Although basketball-obsessed, the columnist for NBA Australia, NBA Canada and former co-host of the popular Believe The Hype podcast is not a full-time member of the basketball media. With a day job in sports rights and content partnership, Read’s side career as a basketball writer reflects his absolute love for the game.
Read’s journey into the basketball media sphere traces all the way back to 2005. It was on the leafy campus of the University of Canberra, that he met Benyam Kidane. The pair became friends, and as time passed an idea began to take shape.
“Every time we caught up the conversation turned to basketball. [From the beginning] we had this friendship where we talked about basketball every day. We both spent some time in the UK in 2011 and then Benyam was moving home. I just said to him, ‘Do you want to start a podcast?’ It was basically just a way for us to keep in contact and we didn’t think it was really going to last that long. It was just going to be something that we would do for probably only a few weeks and then stop doing it.”
From its humble beginnings as a meeting space for a pair of friends, Believe The Hype became one of Australia’s most popular NBA fan podcasts. Its growth and success took both Read and Benyam to numerous All-Star games where they honed their chemistry and off-beat fan-centric style.
For Read, his most memorable moment came during the 2014 All-Star Weekend, which happened at the same time as the 2014 Winter Olympics. During one of their videos, Read asked the All-Stars what winter sport they would do.
The answer given by one of the NBA’s most beloved legends was far more nuanced than Read anticipated.
“Dirk Nowitzki gave an incredible answer, I think it was luge. The answer that Dirk gave to us in the press conference was probably the best answer to any question [he was asked] in the whole press conference. He was getting asked everything under the sun and the one he spent the most time and attention on was answering our random question.”
Read credits the numerous trips to America for helping him learn the intricacies and nuances of the industry. “We were able to grow and speak to so many basketball players in one setting at one time, and also grow our network in terms of meeting other media people and other people that worked in the NBA.
“I would actually recommend to anyone who wants to do this, make sure you can either get to an NBA All-Star Weekend or a Summer League. To be able to meet people and start to grow your contact base and work on your craft a little bit more, is invaluable.

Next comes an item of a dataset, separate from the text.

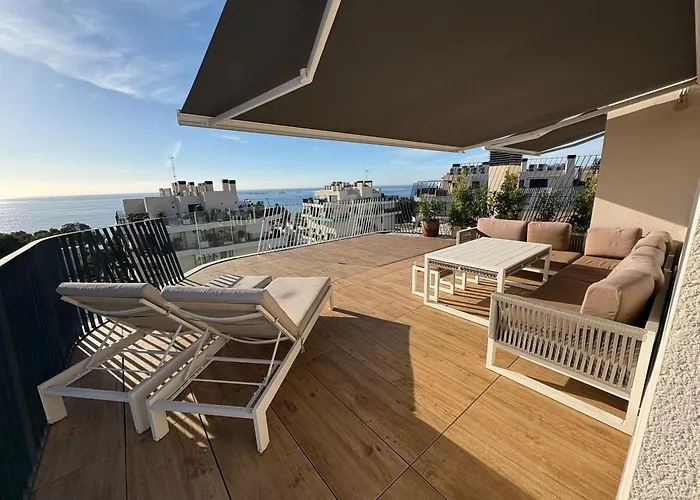 Atico Bay Apartment *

“It will make it much easier when you actually do come over here, because you’ll already understand the culture and you’ll be able to integrate yourself nice and quickly into the NBA media circuit.”
In February, Read made his move to New York, the Mecca of hoops. Now, when duty calls he goes to NBA games in New York and Philadelphia as a member of NBA Australia and Canada. Despite his successful record as a basketball media figure, Read has never had the desire to pursue it full-time. With his career keeping him busy, his media work is the cherry on top of the sundae.

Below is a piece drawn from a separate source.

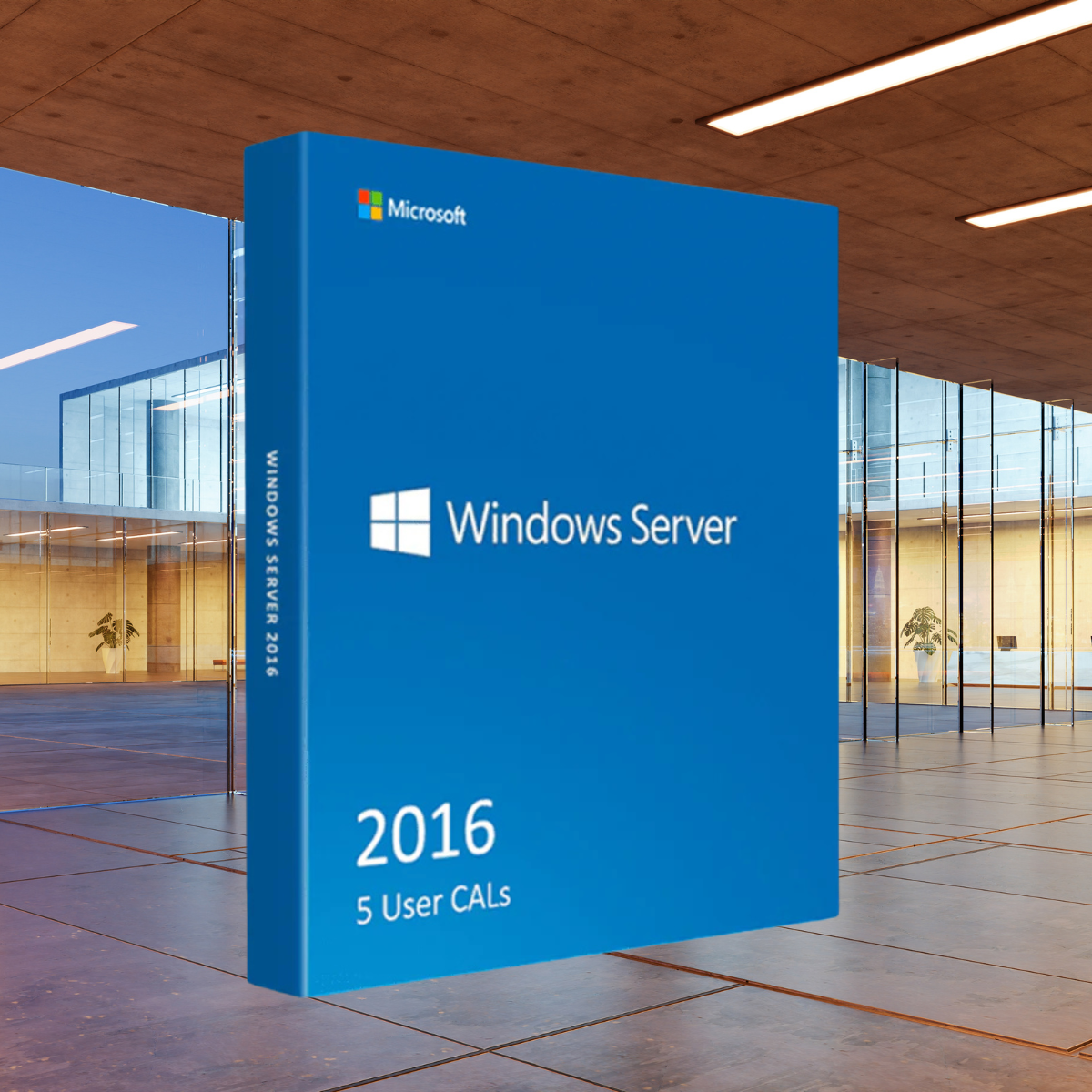 Windows Server 2016 5 User CALs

“I always really, really loved it but I knew it wasn’t really what I wanted to have as my full-time profession. I like having it as a creative outlet, as something on the side that I do.”
For Read, balance is the priority. He learned from experience that too much of a good thing, without the space to breathe can become corrosive. “I actually stopped doing [media work] about twelve months ago. Benyam and I stopped doing our Believe The Hype stuff and I was quite burnt out. I was burning the candle at both ends with both the jobs I had been doing for seven years [and the podcast].

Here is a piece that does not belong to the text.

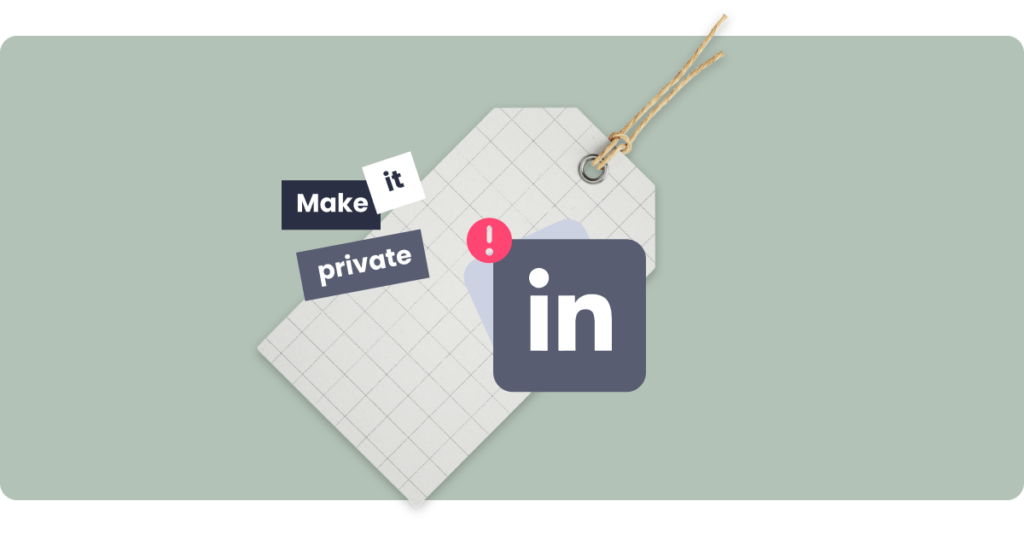 Featured image: How to make LinkedIn private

“So I stopped and that was one of the best decisions of my life. Since I’ve been over in [New York] and have been back into working in the media and going to NBA games, I rediscovered my love for the game again.”
Read’s professional route has been different from most in his field. However, through its ups and downs, it has been a journey that has taught him the rigorous demands of the industry, and the value of diversifying.
“With the way the industry is now, as a journalist you really have to be a jack of all trades.
“Basically now you have to be able to do absolutely everything. Moving forward there are no individual roles anymore, everyone has got to be able to do absolutely everything.”
Being able to display proficiency at multiple trades isn’t easy. It’s a daunting task for legions of fresh-faced budding journalists coming into the industry.
“You don’t know everything. You can learn from other people and pick up ideas and tips from everyone else.”
Stay humble, ask questions, and keep working.